Ignoring every picture, return the lines of the listing below word for word, from the line that holds "Dell R810 2 U ที่คุ้มค่าสุดชั่วโมงนี้" through the line that holds "18531 Kent Avenue photo 31".
Input for this task section start
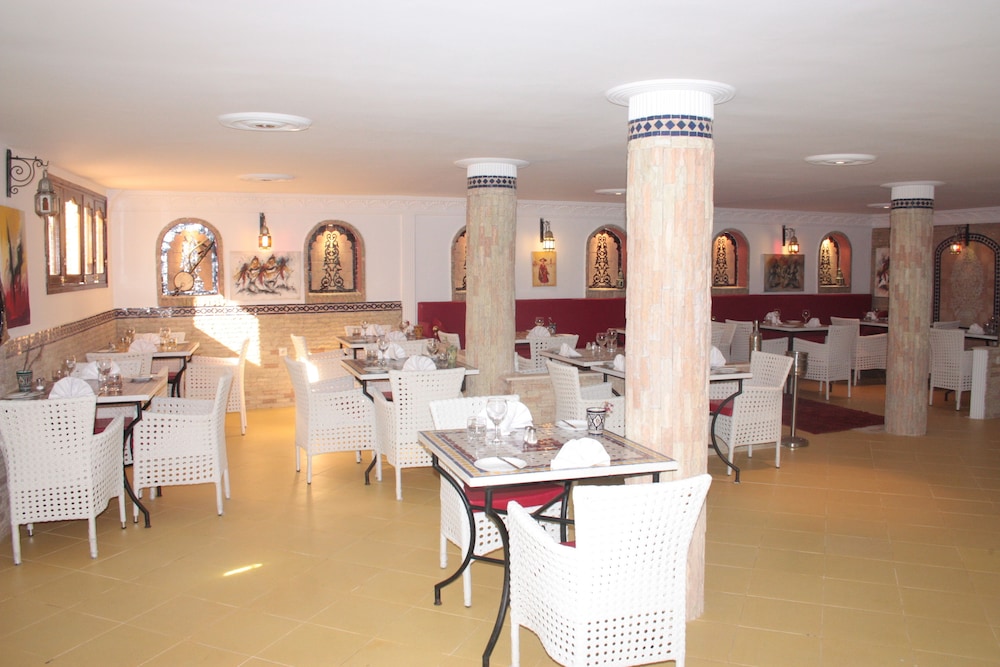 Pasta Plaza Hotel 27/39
Input for this task section end
Input for this task section start
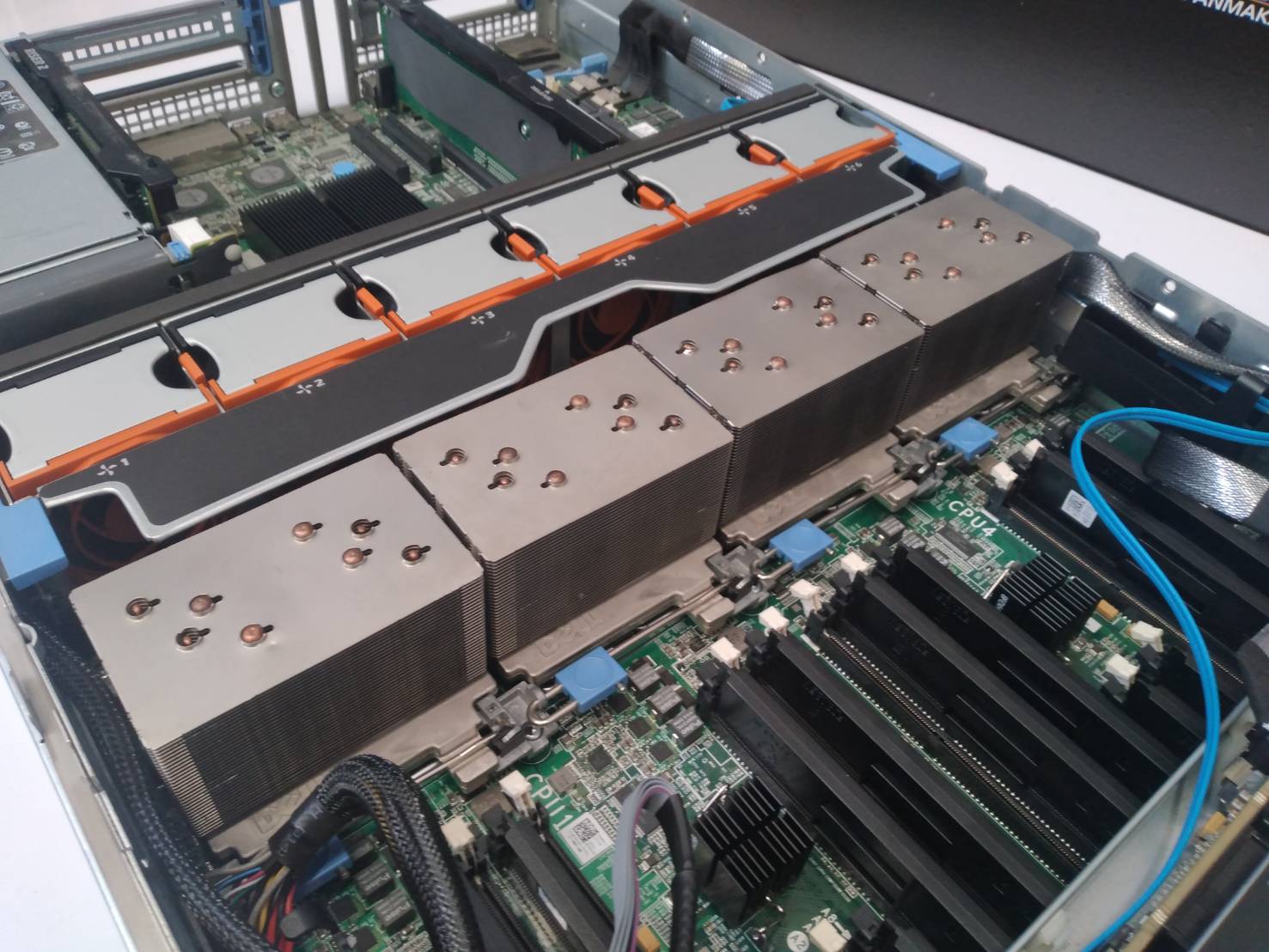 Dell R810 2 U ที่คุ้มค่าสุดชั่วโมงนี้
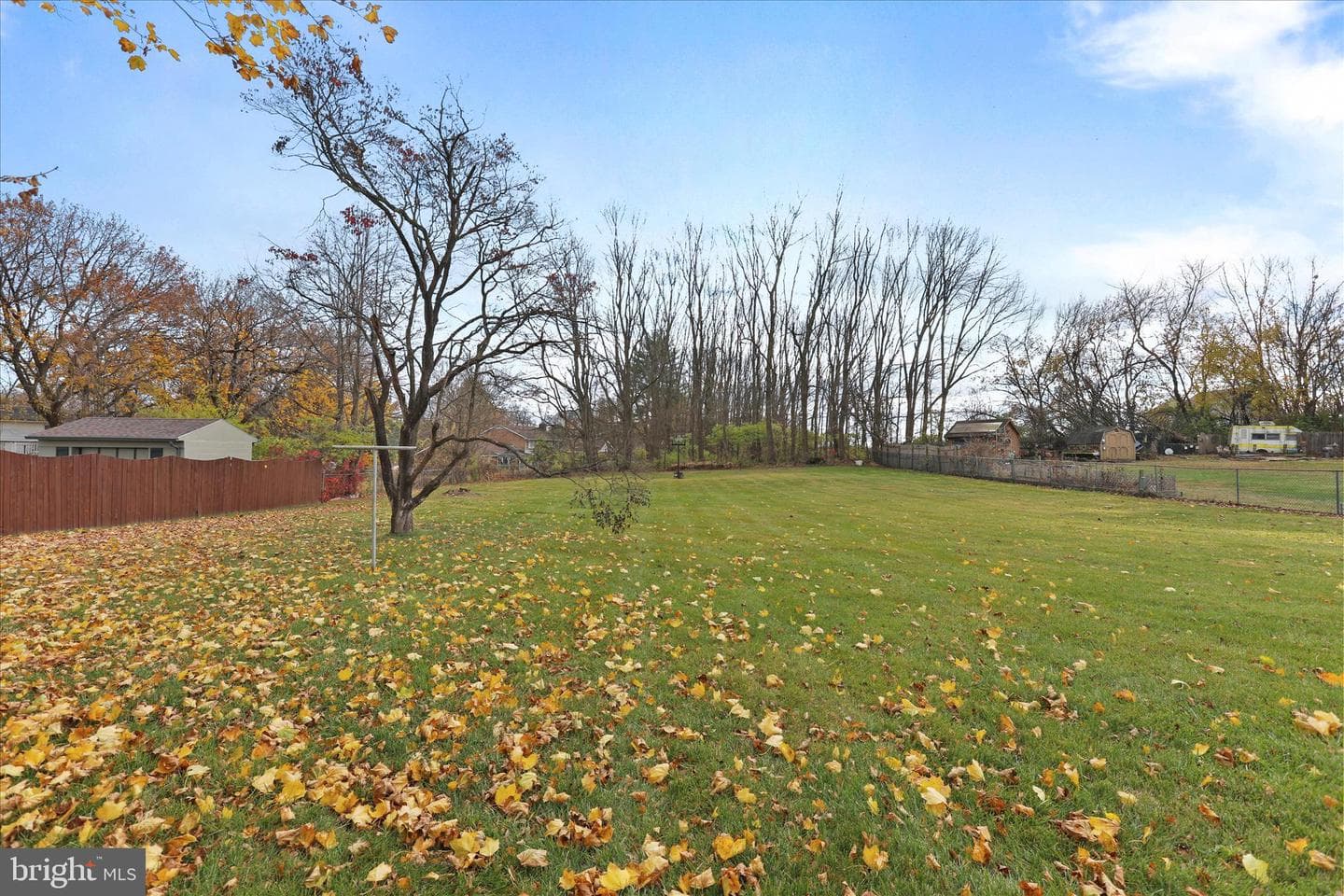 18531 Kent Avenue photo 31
Input for this task section end
Input for this task section start
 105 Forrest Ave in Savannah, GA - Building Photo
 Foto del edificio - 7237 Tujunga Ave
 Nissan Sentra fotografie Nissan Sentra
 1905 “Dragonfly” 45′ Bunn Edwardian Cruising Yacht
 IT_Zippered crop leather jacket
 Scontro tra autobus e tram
Input for this task section end
Answer section:
 Dell R810 2 U ที่คุ้มค่าสุดชั่วโมงนี้
 18531 Kent Avenue photo 31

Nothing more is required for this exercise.